Sia scuole sia parti di città, luoghi urbani appunto, mai solo scuole. Urbanità e teatralità, astrazione e misura, introspezione e autonomia, moderate variazioni sul medesimo linguaggio elementare caratterizzano questi blocchi compatti, severi, quasi iconici, dimostrando una specifica tendenza, capace di radicare il discorso architettonico nel territorio e nella tradizione della disciplina. Tutto ciò favorito dalla pratica del concorso, attraverso il confronto pubblico di idee, intenzioni e soluzioni, che tale pratica dovrebbe rendere possibile in maniera democratica appunto – e quindi anche tra i giovani progettisti o gli studi di piccole dimensioni, in modo da salvaguardare l’originalità e l’artigianalità del mestiere – al di là delle sirene dello star system o dell’eclettismo linguistico oggi in voga. Solo per via architettonica.
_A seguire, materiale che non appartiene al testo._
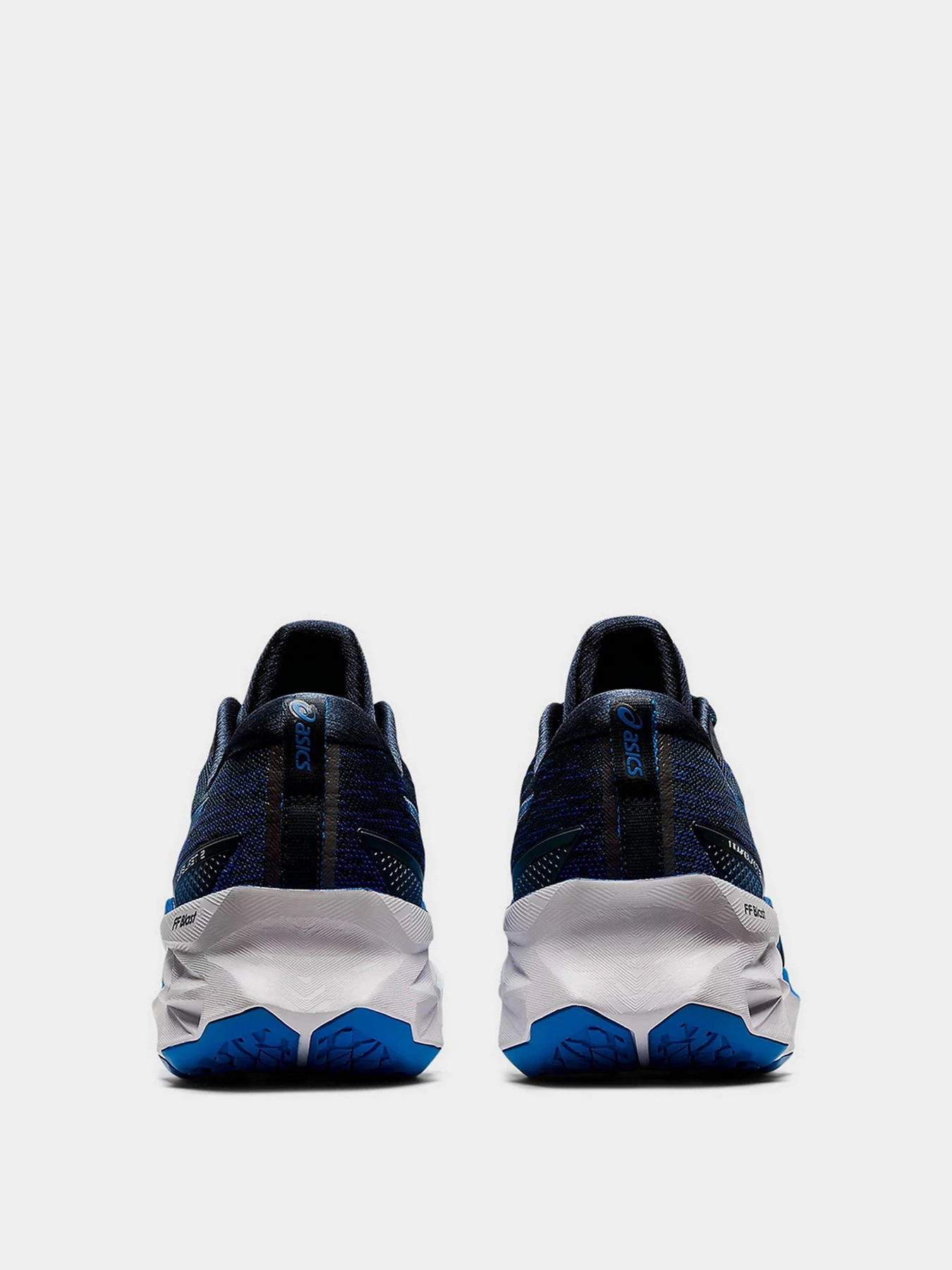 Кроссовки Asics Novablast 2 модель 1011B192-401 Фото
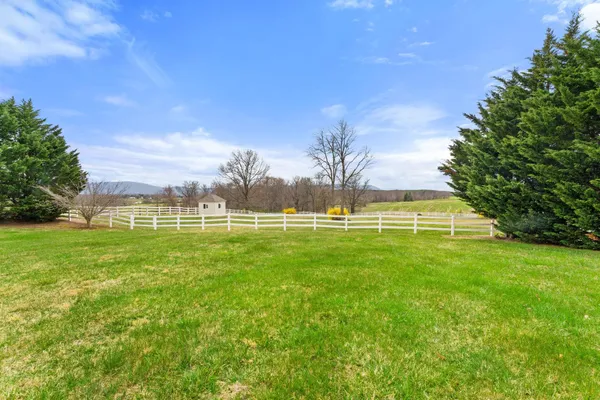 $1,495,000 | 273 Bel-Grene Drive, Fishersville, VA 22939
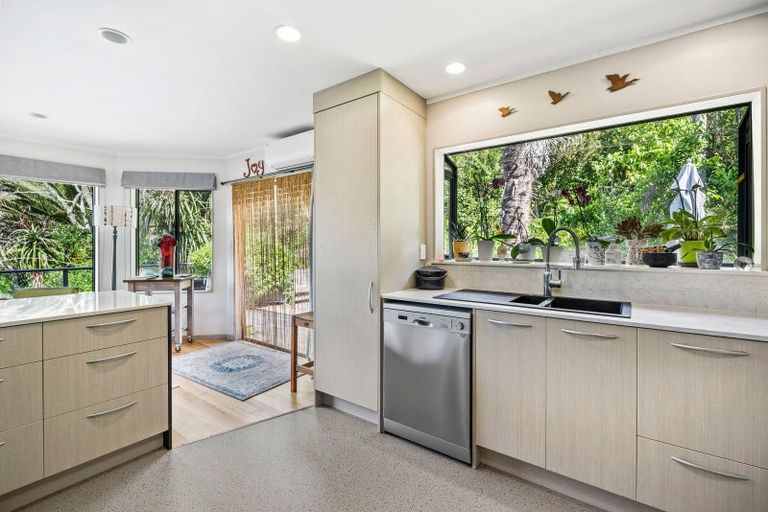 Photo of property in 15 Pukenui Road, Maunu, Whangarei, 0110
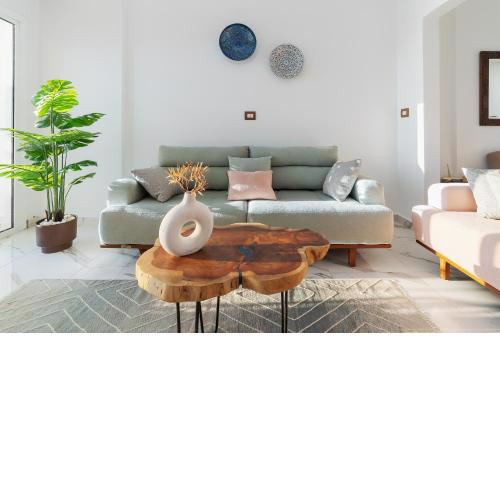 Lovely Seaview Condo in Saba Pasha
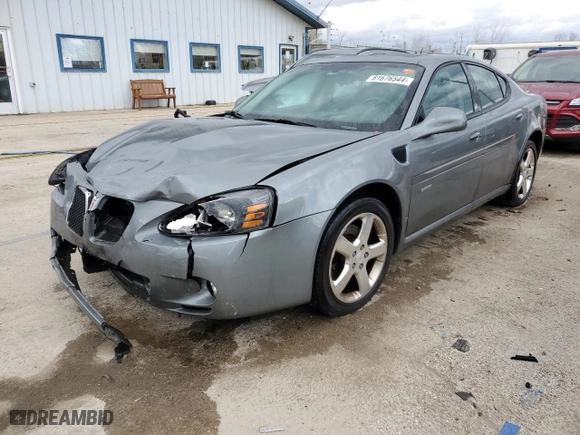 2008 Pontiac Grand Prix GXP with VIN 2G2WC55C681133206, listed as a Copart auction lot 81676544 with 241391 miles and Salvage Title. Bid and sale history available at carsss.com. Image 1.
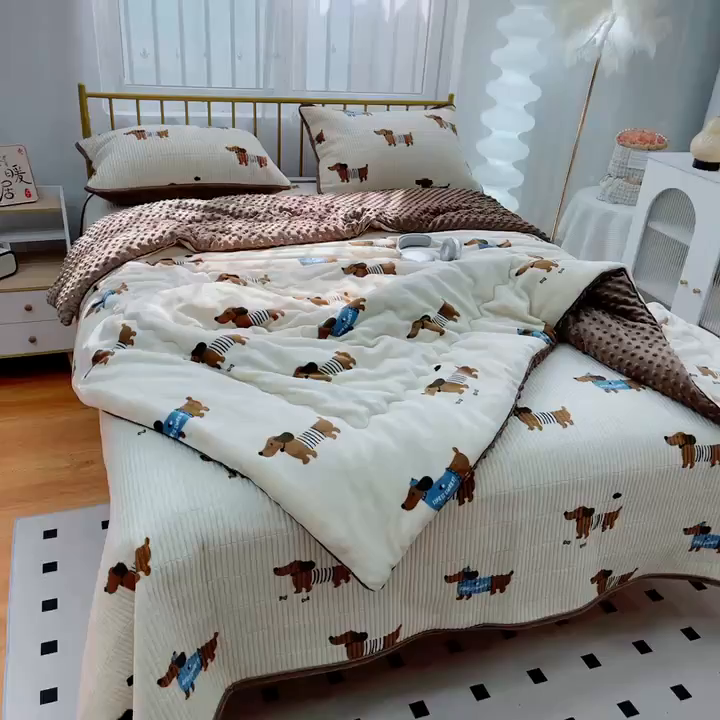 91家纺网 家纺一手货源 找家纺 暖居 2025新款加厚牛奶绒豆豆被床盖四件套跑量款 香肠狗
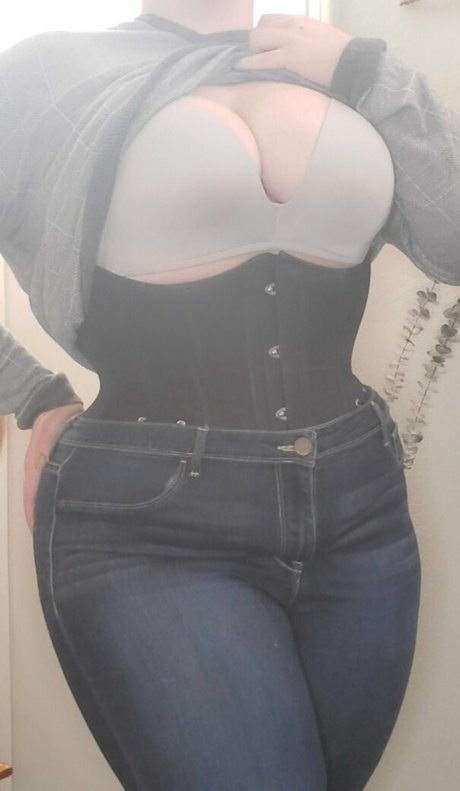 shemale riding onlyfans pretty pic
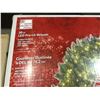 Image 2 : Home Accents Holiday 30" LED Pre-Lit Wreath Indoor/Outdoor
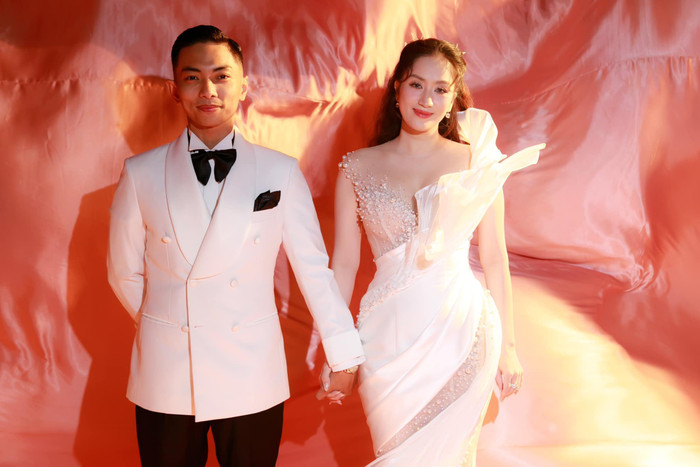 Khánh Thi - Phan Hiển ngẫu hứng nhảy múa trên nền nhạc đang hot, mạng xã hội 'dậy sóng' Ảnh 4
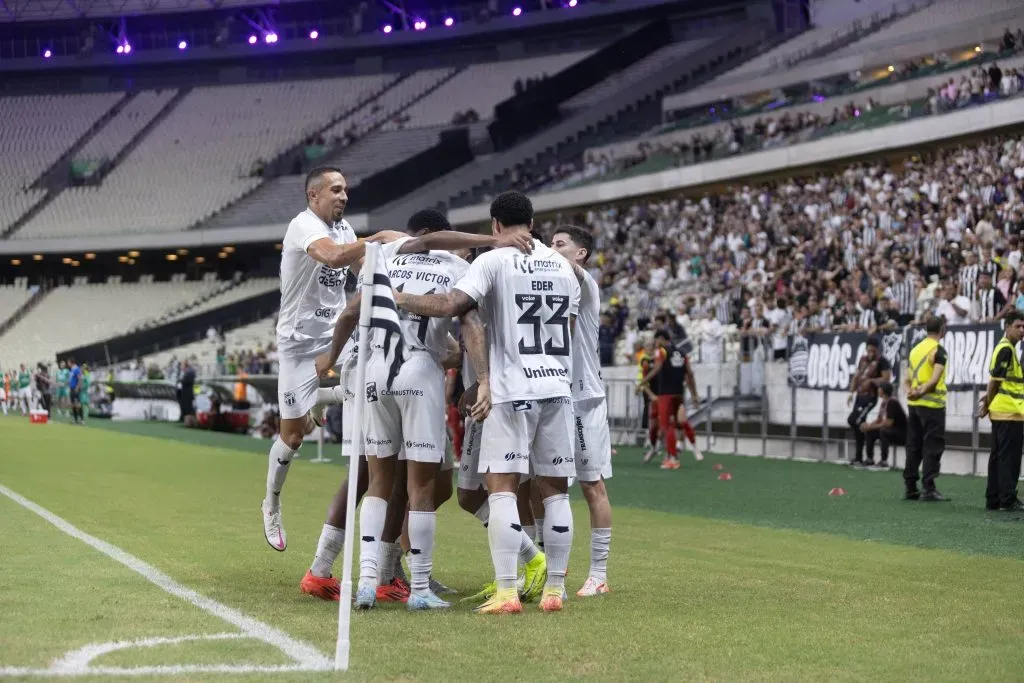 Galeano jogador do Ceara comemora seu gol durante partida contra o Juazeirense no estadio Arena Castelao pelo campeonato Copa Do Nordeste 2025. Foto: Lucas Emanuel/AGIF
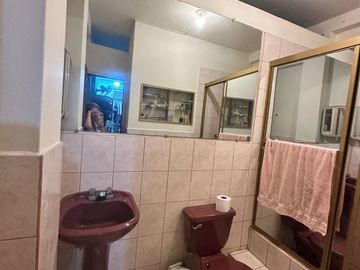Venta casa de dos pisos en Barrio Garay centro de Guayaquil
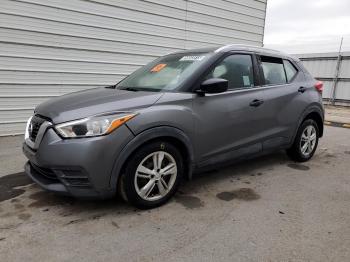  Salvage Nissan Kicks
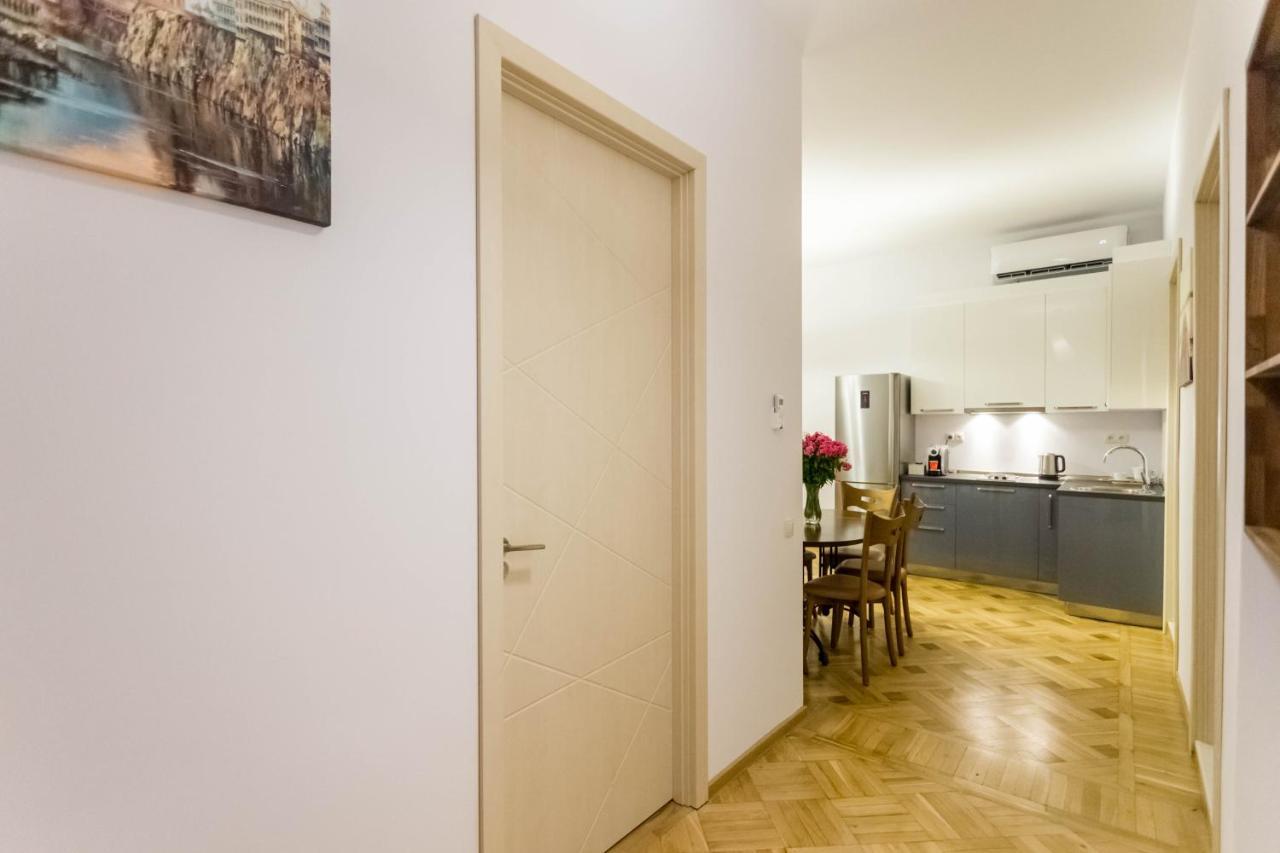 Luxury 3 Bedroom Apartment By Freedom Square City Center Tbilisi Buitenkant foto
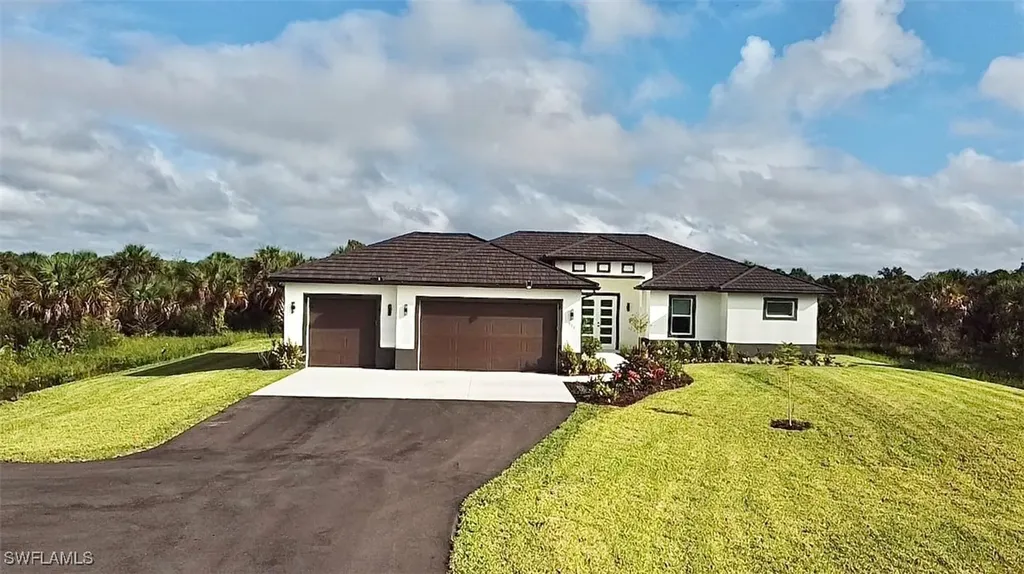 539 37th Avenue NW Naples FL 34120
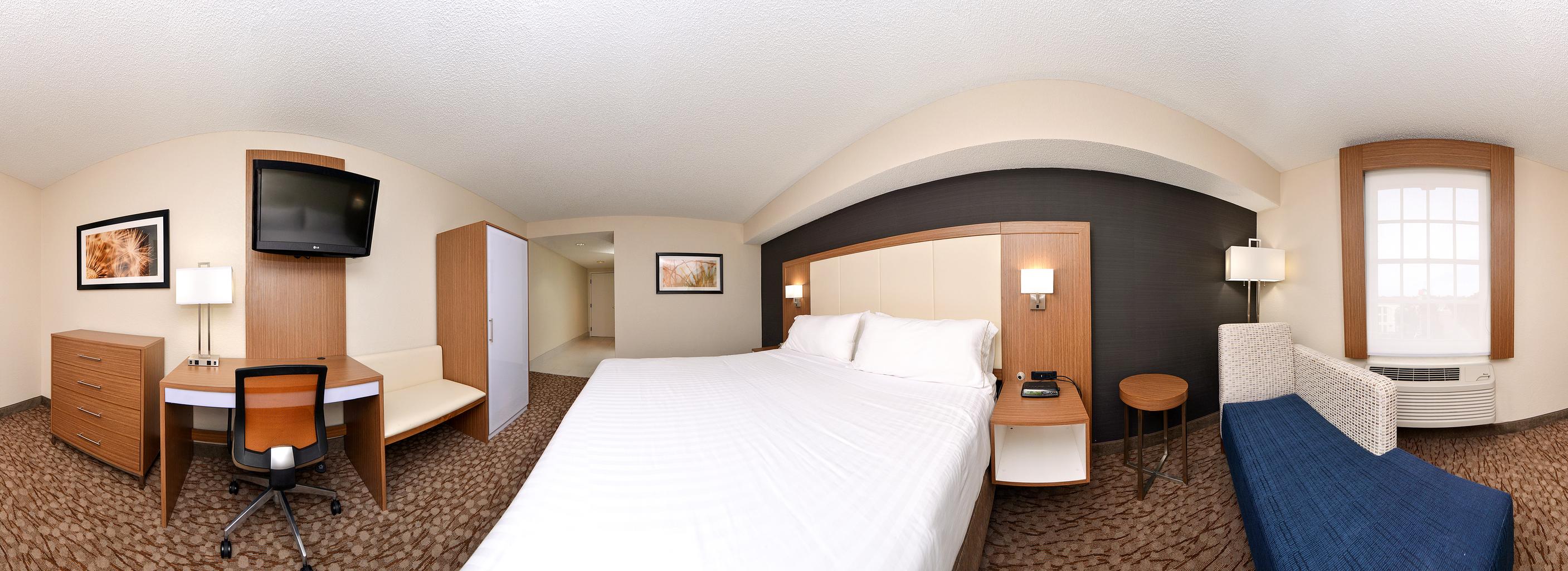 HOLIDAY INN EXPRESS SUITES BONITA SPRINGS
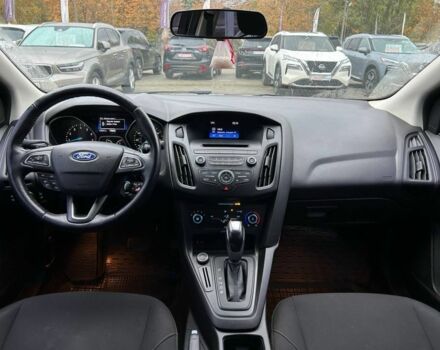 Белый Форд Фокус, объемом двигателя 2 л и пробегом 109 тыс. км за 8700 $, фото 19 на Automoto.ua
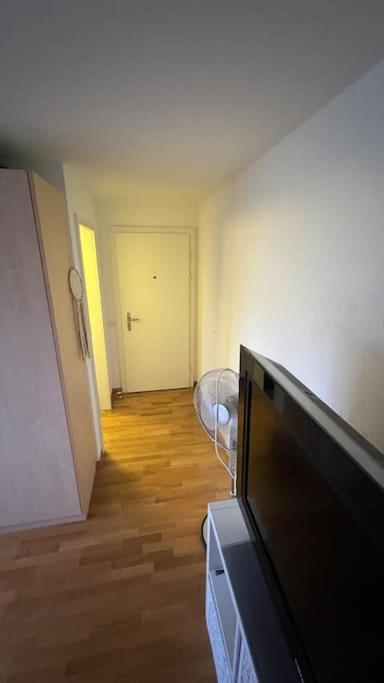 Praktisches Zimmer mit Bad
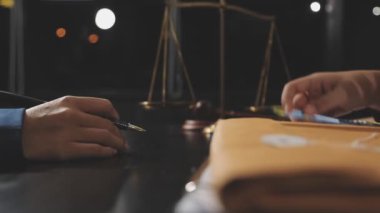 bir deftere notlar yazan adam, orijinal fotoset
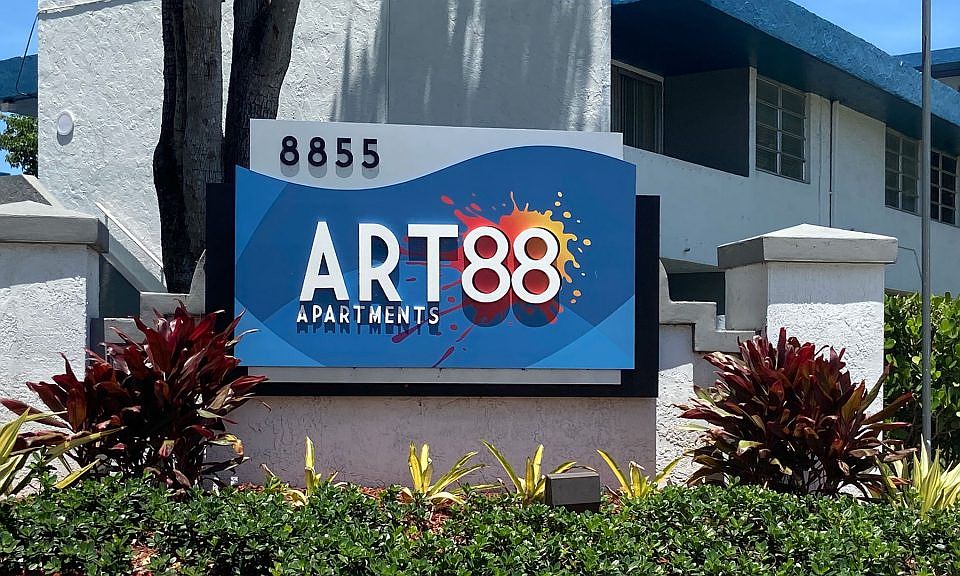 1st image of 8855 Fontainebleau Blvd #71-202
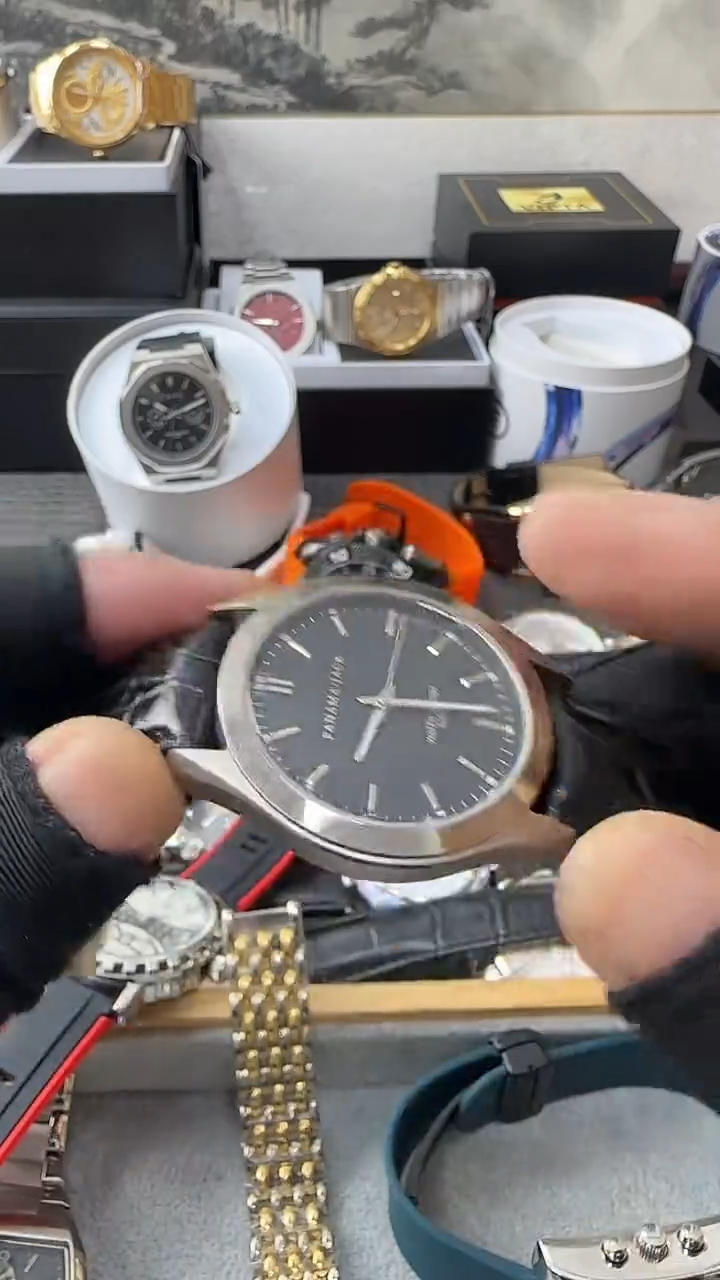 石英机芯-光能机芯锻造碳钢国产男士腕表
Ripartire dalla scuola, dunque, può essere un punto di vista attraverso cui traguardare la produzione dello spazio e, da qui, promuovere la democrazia. La ricerca consapevole «di che cosa la Scuola vuole essere»11 rivela come luoghi (della città) e spazi (del progetto) – e quindi architettura – siano alla base di ogni esperienza di apprendimento e insegnamento, interpretata da ciascuna comunità attraverso gli edifici che sceglie di costruire e che, come ammoniva Winston Churchill, «a loro volta ci formano».

Note

 

1 Cfr. F. Bruno, L’apertura della struttura urbana e la costruzione per tipi misti, in Lafayette park, Detroit. La forma dell’insediamento, Libraccio Editore, Milano 2013, p. 56.

 

2 A. Ferlenga, intervento in occasione del finissage della mostra a cura di M. Ferrari, C. Tinazzi con A. D’Erchia Immaginare la scuola del futuro, Politecnico di Milano, Galleria del Progetto, 22 novembre 2021.

 

3 In merito si veda: M. di Nallo, The Balance between Intimacy and Interchange, in K. Darian-Smith, J. Willis (a cura di), Designing Schools. Space, place and pedagogy, Routledge, London 2017, pp. 97-109; I. Haupt, Form follows Curriculum? Notizen zum Schulhausbau in der Schweiz, «Kunst + Architektur in der Schweiz», 2018, 3, pp. 4-15.

 

4 R. Gross, Drehsymmetrien im Schulbau, «Das Werk», 1964, n. 6, pp. 197-203.

 

5 Sulla cosiddetta scuola tipo Lancy si veda: C. Bischoff, M. Delaune Perrin, Les écoles de Lancy: une suite de processus exemplaires, in C. Bischoff, I. Claden, E. Oberwiler (a cura di), Paul Waltenspuhl architecte, Infolio, Gollion 2007, pp. 206-215.

 

6 B. Reichlin, La provincia pedagogica, in P. Bellasi, M. Franciolli, C. Piccardi, C. Sonderegger (a cura di), Enigma Helvetia. Arti, riti e miti della Svizzera moderna, Silvana Editore, Cinisello Balsamo 2008, pp. 229-244.

 

7 Cfr. J. Bachmann, S. von Moos, New Directions in Swiss Architecture, G. Braziller, New York 1969.

 

8 Si veda il numero monografico Lernlandscheften. Neue Typologien für die Schule, «Werk, bauen+ wohnen», 2018, n. 11.

 

9 Cfr. Standard logistici dell’Amministrazione cantonale. Secondo modulo: Architettura scolastica, novembre 2020, p. 15.

 

10 F. Belloni, Les enfants nous parlent, «FAMagazine», 2021, 56, pp. 42-54.

 

11 Louis I. Kahn, Form and Design, «Architectural Design», 1961, n. 4, pp. 145-154.